The sacredness of the system of 24 dioceses originates from the Daoist

mythology, which narrates the story that Zhang Daoling, the legendary founder of the Celestial Master Daoism and the first Celestial Master, defeated the devils of the Six Heavens (Liutian 六天) in Sichuan and established his rule by bringing in a new religious order. According to a Daoist text presented approximately during the 3rd

century to the 6th century, the establishment of the 24 dioceses is “to distribute the

primal, original, and inaugural pneuma (Qi氣), and administer the people.”11 The pneuma is what Zhang Daoling acquired from the revelation of Laozi, the

personification of the supreme Dao.

Although the system of 24 dioceses is stated as sacred, it should be noted that it is more of a simulation to the institution of the state regime.

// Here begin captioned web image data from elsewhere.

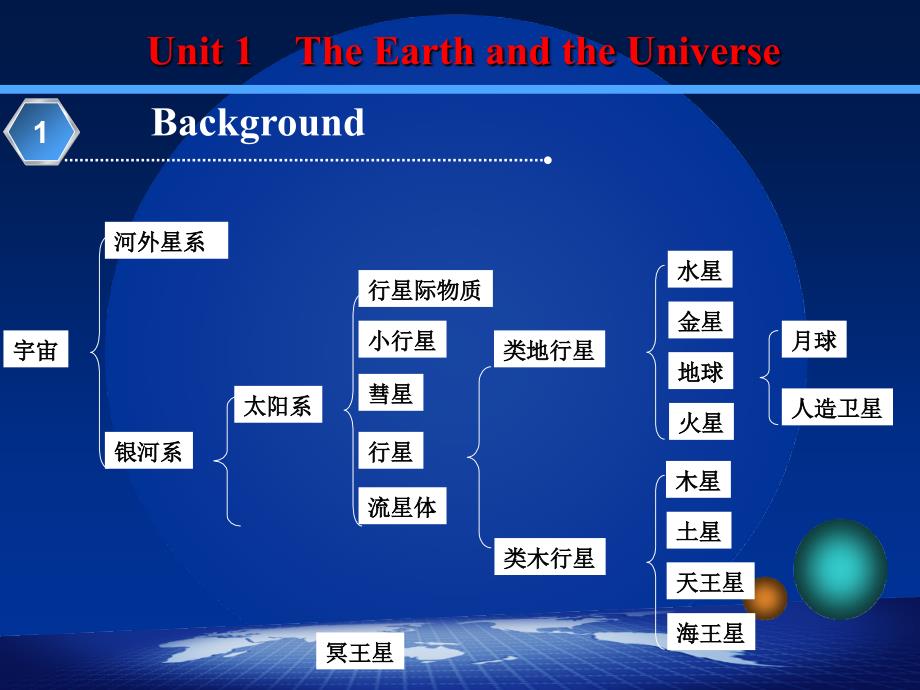 Unit 1-The Earth and the Universe_第3页
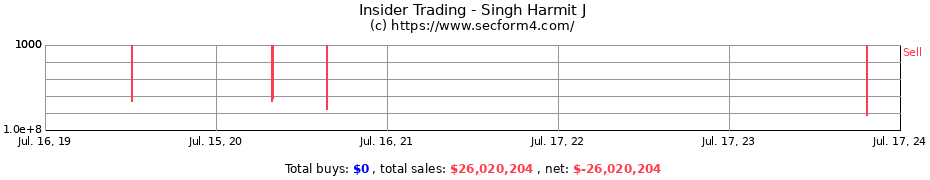 Insider Trading Transactions for Singh Harmit J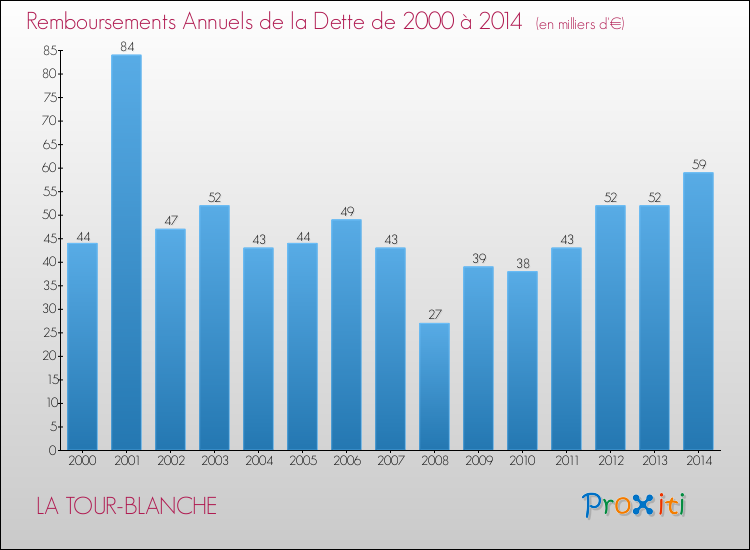 Evolution de l'annuité de la dette pour la commune de LA TOUR-BLANCHE de 2000 à 2014 Annuités de la dette pour LA TOUR-BLANCHE de 2000 à 2014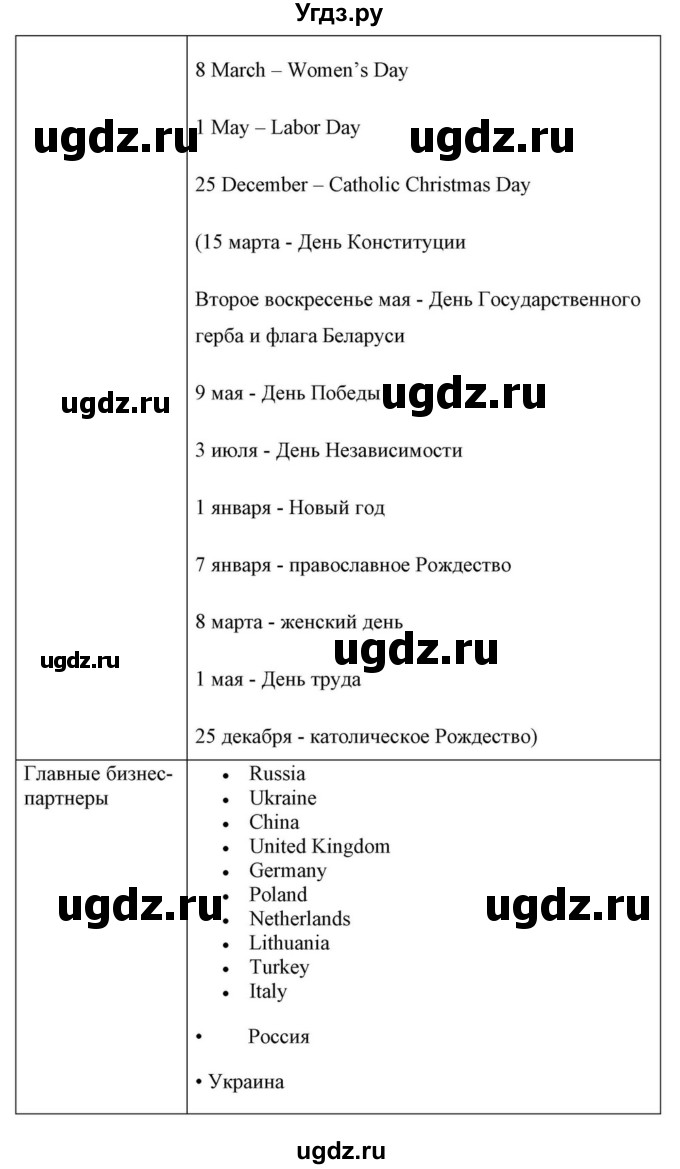 ГДЗ (Решебник) по английскому языку 10 класс (для гимназий) Демченко Н.В. / страница номер / 306(продолжение 3)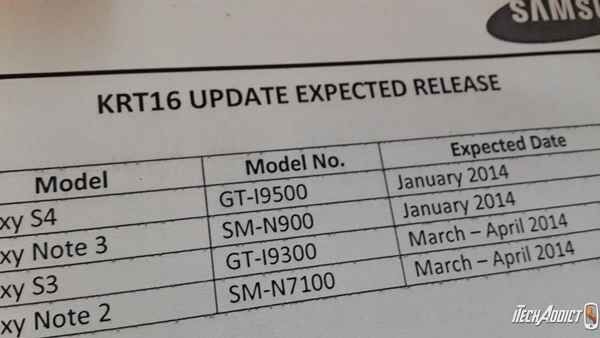Samsung Galaxy S4, S3, Note 3 et Note 2 : la mise à jour Android 4.4 KitKat serait prévue pour début 2014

The terms “diocese” and “libationer” are borrowed from the official Confucian discourse used in the Han imperial bureaucracy. Within the reign of each diocese, adyta were set for political purposes, which has been proved to be another imitation to the political system of the Han regime. The setting of adyta simulates the institution of “confession room” in the Han period (206 BC- 220 AD). After the fall of the reign of the Celestial Masters in Sichuan, this system of sacred geography gradually became a scheme for rituals. Ge’s theory has pointed out that this narrative mostly presented when the Daoists in the Six dynasties period conducting rituals of “summoning ghost soldiers” (junjiang libing zhi fa軍將吏兵之法), which means the political significance of this system has gone.12

As a system integrating sites of local significance and heterogeneous beliefs, it is hard to claim that the system of cavern heavens has, if any, holistic historical

connections with the system of 24 dioceses. The system of cavern heavens, as most would acknowledge, ambiguously reflects the different geographical imaginations of the people in medieval China13, among which some are not even “Daoist”, such as the

11 Zhengyi fawen tianshi jiaojie kejing 正一法文天師教戒科經, DZ 789, 14b. The citations on the texts in the Daoist Canon are marked with DZ and coded according to Kristofer Schipper and Franciscus Verellen’s The Taoist Canon: a Historical Companion to the Daozang (Schipper and Verellen, 2004).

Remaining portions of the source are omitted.